The Space Shuttle Challenger launching from Complex 39 at the Kennedy Space Center in Florida. (Photo by NASA)
Private aerospace leaders want Florida lawmakers to consider steps to streamline local regulations, expand the pool of workers such as machinists and welders, and provide more dock space for the industry at Port Canaveral.
Space at Port Canaveral, a major site for cruise ships, could be a key issue.
Megan Mitchell, the vice president of government relations for Blue Origin, Amazon founder Jeff Bezos’ aerospace company, pointed to future needs as the company’s New Glenn rocket system moves into the regular launch rotation.
“There is no other location that can support that massive vehicle recovery,” Mitchell told members of the House Commerce regulatory reform and economic development subcommittee.
“We look forward to growing further here,” Mitchell said. “But we recognize that possibly, in just a few years, we're going to need additional support and infrastructure. So we do request that the committee look at the horizon to ensure that the continued success long into the future is available.”

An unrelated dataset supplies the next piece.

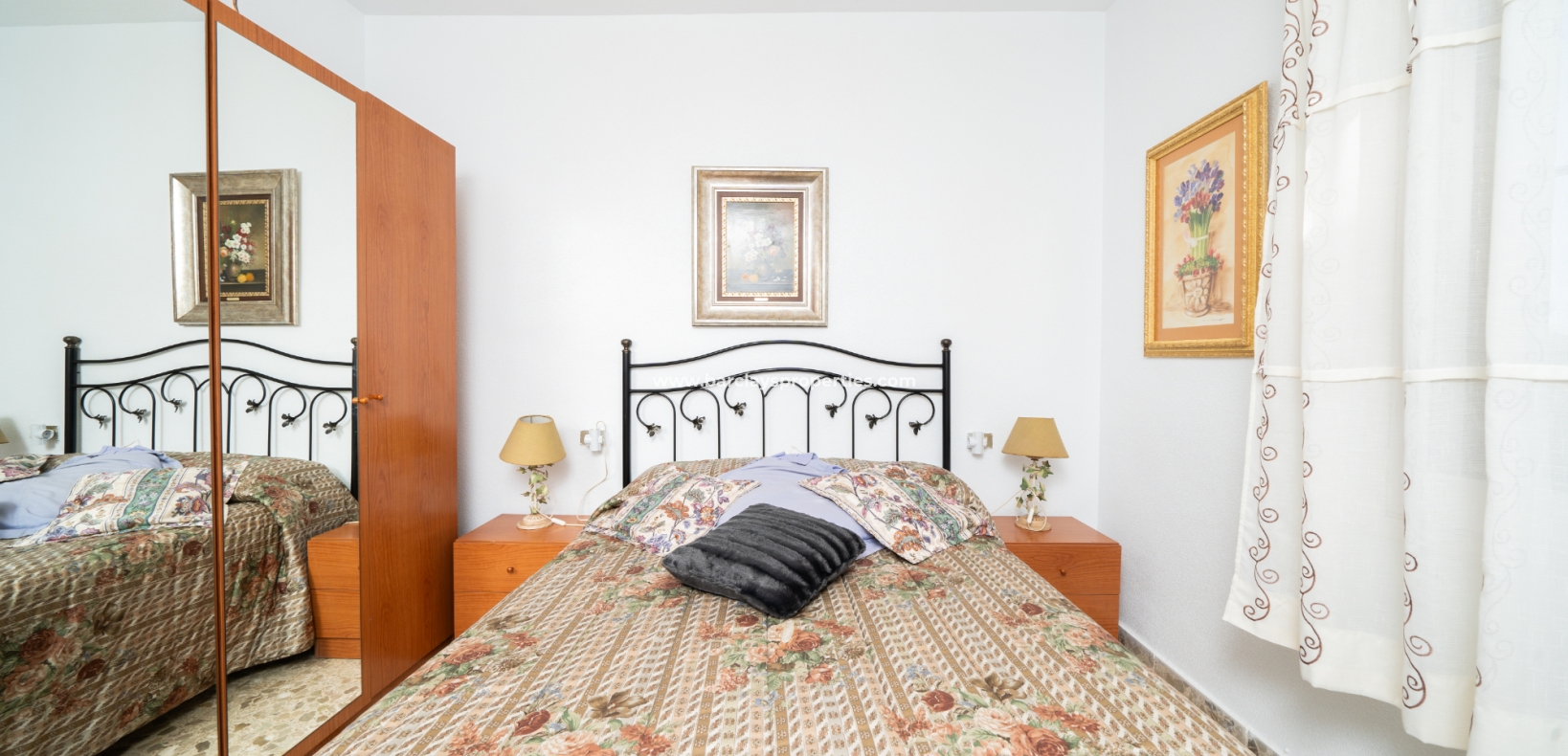 Wederverkoop - Vrijstaande Villa - Urb. La Marina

Blue Origin installed a 375-foot crane at Port Canaveral in October to handle New Glenn recovery operations.
Space Florida President and CEO Rob Long told lawmakers that space at Port Canaveral is “physically limited.”
A study is looking at the growth of Port Canaveral and other ports to handle the expanding aerospace industry, Long said.
According to the Florida Ports Council, Port Canaveral’s goals and objectives include an ability to “increase cargo handling capabilities and add capacity for more flexibility to accommodate diverse commodities and increased heavy lift and project cargo for expanding commercial space operations.”
Port Canaveral is home to ships used by SpaceX, led by Tesla CEO Elon Musk, and provides a mobile harbor crane to help with the recovery of rocket boosters and their placement on shore.
Meanwhile, Port Canaveral and space industry leaders continue to work on reducing interruptions in launches and cruise operations related to launches requiring exclusion zones where no marine traffic is permitted.
In June, the Federal Aviation Administration aided commercial aviation across Central Florida by reducing the airspace that must be closed during space launches.
During the recent House committee meeting, David Goldman, the SpaceX vice president of satellite policy, made other recommendations, including improved launch infrastructure, an expanded pool of machinists, welders and other workers, and fewer local rules limiting the time for space operations.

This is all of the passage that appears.